Se busca Dr. en Pedagogía o Psicología para escribir guiones de Dora, ¿en serio?

Mi hermano: Qué caricaturas tan fumadas ¿A quién se le ocurrirán?

Yo: No sé, pero no creo que sea tan fácil, hay una secuencia didáctica, parece sencillo pero no lo es.

Mi hermano: En eso tienes razón, pero ¿a quién se le ocurre que un tiburón puede ser un carro o que un carro puede tener forma de tiburón?
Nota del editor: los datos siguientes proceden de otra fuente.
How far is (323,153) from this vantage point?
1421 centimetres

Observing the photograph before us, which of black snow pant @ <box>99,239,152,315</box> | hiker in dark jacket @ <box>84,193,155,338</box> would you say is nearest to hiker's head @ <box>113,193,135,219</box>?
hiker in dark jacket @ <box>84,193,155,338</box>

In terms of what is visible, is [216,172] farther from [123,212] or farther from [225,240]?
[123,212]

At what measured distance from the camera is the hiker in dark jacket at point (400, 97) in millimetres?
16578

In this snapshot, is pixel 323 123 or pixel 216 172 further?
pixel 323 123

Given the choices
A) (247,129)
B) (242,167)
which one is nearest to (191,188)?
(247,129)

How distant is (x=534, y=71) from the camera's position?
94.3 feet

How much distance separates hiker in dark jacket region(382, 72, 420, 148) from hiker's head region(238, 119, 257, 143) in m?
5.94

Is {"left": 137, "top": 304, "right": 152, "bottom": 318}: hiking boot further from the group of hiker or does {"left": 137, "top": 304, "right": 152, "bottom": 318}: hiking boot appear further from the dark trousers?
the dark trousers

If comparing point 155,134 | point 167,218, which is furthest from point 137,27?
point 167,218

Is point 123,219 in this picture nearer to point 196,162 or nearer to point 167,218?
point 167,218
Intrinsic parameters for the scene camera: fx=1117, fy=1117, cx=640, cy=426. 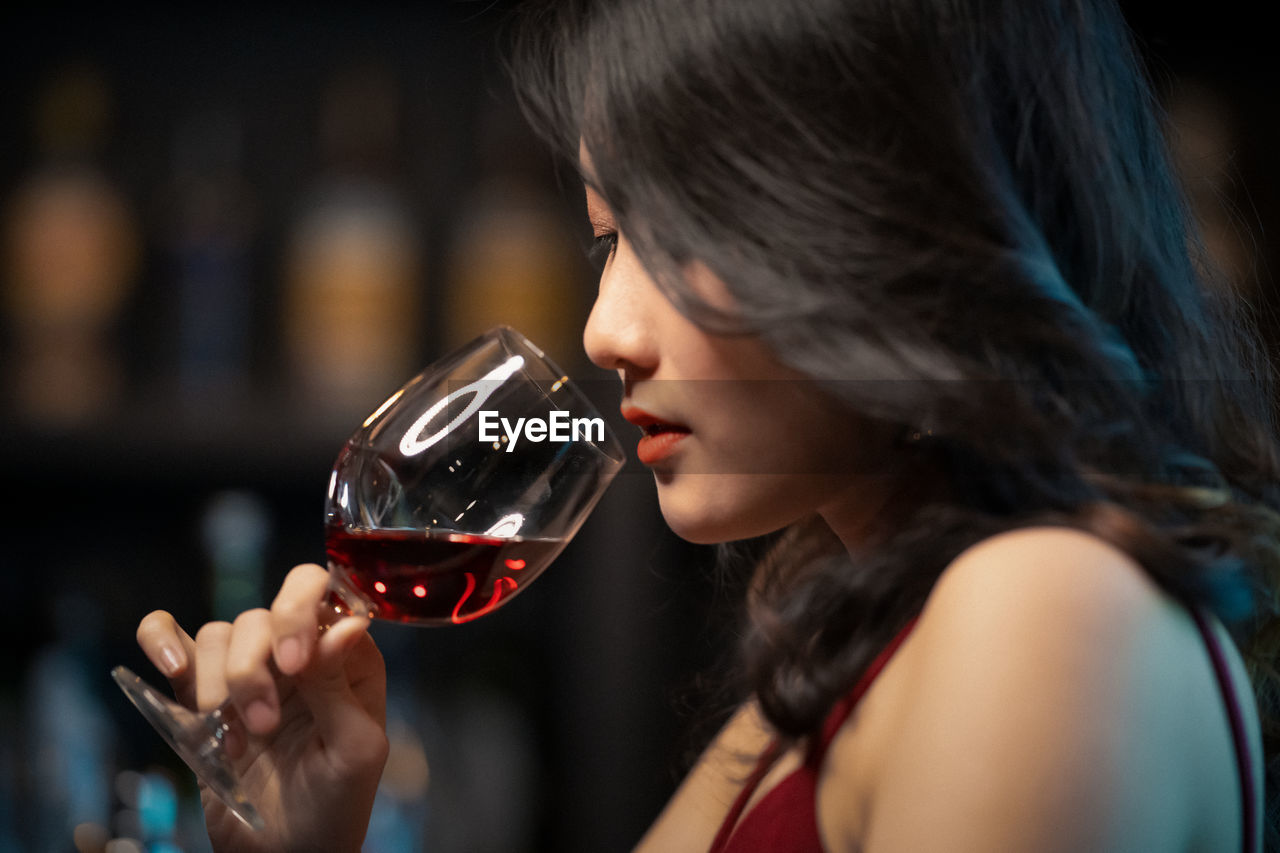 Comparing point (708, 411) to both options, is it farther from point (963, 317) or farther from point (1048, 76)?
point (1048, 76)

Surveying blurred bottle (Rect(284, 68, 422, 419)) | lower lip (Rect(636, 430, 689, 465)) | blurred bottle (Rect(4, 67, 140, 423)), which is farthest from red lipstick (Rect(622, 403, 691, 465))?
blurred bottle (Rect(4, 67, 140, 423))

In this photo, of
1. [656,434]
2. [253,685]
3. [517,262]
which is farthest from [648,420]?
[517,262]

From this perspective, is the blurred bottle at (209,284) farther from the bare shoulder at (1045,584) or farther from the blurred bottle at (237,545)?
the bare shoulder at (1045,584)

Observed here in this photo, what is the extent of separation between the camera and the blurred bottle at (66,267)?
1.05 meters

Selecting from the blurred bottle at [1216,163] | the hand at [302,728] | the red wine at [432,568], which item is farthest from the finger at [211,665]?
the blurred bottle at [1216,163]

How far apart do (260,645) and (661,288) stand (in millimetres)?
277

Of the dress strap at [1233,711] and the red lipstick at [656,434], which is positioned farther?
the red lipstick at [656,434]

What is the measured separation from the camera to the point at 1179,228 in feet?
2.07

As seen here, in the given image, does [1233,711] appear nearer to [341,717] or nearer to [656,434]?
[656,434]

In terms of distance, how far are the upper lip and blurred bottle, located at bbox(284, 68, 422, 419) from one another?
51 centimetres

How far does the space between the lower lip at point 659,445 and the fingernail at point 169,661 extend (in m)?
0.30

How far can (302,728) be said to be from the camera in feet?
2.24

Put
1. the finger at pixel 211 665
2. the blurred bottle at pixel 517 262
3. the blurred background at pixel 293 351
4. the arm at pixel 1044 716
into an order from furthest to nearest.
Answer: the blurred bottle at pixel 517 262 < the blurred background at pixel 293 351 < the finger at pixel 211 665 < the arm at pixel 1044 716

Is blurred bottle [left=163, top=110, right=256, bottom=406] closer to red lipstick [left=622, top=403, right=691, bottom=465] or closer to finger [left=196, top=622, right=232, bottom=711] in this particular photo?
finger [left=196, top=622, right=232, bottom=711] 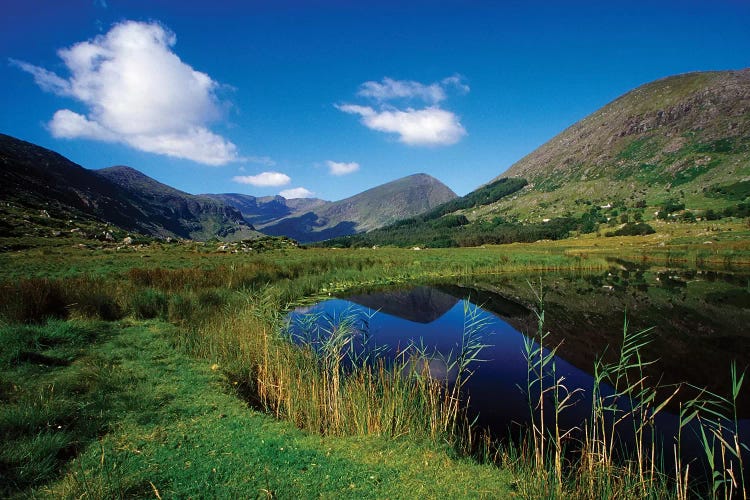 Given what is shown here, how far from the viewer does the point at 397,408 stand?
644 centimetres

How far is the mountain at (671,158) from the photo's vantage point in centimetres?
12506

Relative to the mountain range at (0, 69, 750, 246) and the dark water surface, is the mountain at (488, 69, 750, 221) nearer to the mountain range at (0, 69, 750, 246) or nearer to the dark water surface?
the mountain range at (0, 69, 750, 246)

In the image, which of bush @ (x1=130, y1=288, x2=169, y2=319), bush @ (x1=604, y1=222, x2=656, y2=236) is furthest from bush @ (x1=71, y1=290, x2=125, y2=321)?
bush @ (x1=604, y1=222, x2=656, y2=236)

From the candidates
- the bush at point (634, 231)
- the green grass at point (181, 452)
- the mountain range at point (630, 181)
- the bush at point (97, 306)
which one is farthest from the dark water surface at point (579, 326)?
the mountain range at point (630, 181)

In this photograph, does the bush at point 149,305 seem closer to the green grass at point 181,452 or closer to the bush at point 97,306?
the bush at point 97,306

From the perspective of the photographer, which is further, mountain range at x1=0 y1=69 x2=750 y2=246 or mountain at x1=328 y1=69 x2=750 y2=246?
mountain at x1=328 y1=69 x2=750 y2=246

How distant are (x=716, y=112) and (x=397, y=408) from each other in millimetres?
230995

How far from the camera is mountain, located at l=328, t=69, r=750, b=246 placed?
4168 inches

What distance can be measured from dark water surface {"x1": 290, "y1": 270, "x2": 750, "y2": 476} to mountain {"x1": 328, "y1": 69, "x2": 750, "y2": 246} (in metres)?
70.5

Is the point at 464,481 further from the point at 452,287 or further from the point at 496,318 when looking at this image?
the point at 452,287

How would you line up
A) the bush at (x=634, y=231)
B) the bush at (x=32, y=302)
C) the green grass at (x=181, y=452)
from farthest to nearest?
the bush at (x=634, y=231) → the bush at (x=32, y=302) → the green grass at (x=181, y=452)

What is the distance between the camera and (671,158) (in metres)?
154

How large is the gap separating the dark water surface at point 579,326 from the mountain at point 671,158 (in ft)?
330

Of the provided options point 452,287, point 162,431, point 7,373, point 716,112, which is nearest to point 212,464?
point 162,431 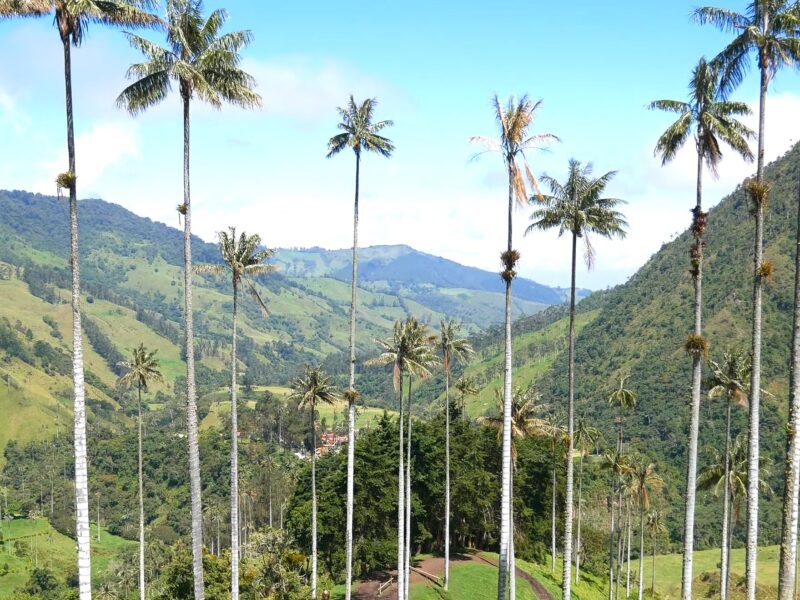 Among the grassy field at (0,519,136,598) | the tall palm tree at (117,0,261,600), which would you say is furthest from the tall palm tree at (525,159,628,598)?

Mientras veíamos Dora, la exploradora y Equipo Umizoomi, esta conversación sucedía, mis hijos contestaban lo que la televisión en cada programa iba pidiendo. Mi hermano y yo nos sorprendíamos de que lo resolvían y estaban atentos. La televisión educa, después de que por décadas la acusaron de ser el peor vicio para la humanidad. Recuerdo que a mis 10 años en mi escuela de monjas, los papás (no los míos) organizaron una marcha, firmas, protesta en general por el contenido contra los valores familiares que exhibía la televisión. Todavía me pregunto ¿cuáles son los valores familiares? ¿son universales e inviolables? Sí es así, ¿es como admitir que hay un sólo tipo de familia? y ¿Qué no cada familia tiene un control de televisión que bien puede utilizar para apagarla? En fin, era Guanajuato capital, colegio de monjas, muy pocos tenían acceso a antena parabólica (en mi casa no teníamos), previo a la introducción de SKY y DirecTV. La mayoría consumíamos lo que Televisa y Tv Azteca producían ( y aquí me falla la memoria, no estoy segura de que existiera como tal, creo que Salinas Pliego no aparecía en escena. El argumento era que el monopolio Televisa nos ofrecía basura. Gran novedad y no creo que eso haya cambiado con las firmitas que me obligaron a recolectar). Así, mi escuela se sumó a la campaña A Favor de lo Mejor… (si consultan las fechas en el sitio web verán que como que ya no cuadra la historia, pero por eso advertí así lo recuerdo, desconozco si se oficializa el movimiento hasta 1997  y antes fuimos conejillos de indias, prueba piloto. Entre mi memoria y los datos oficiales hay una variación de 5 años)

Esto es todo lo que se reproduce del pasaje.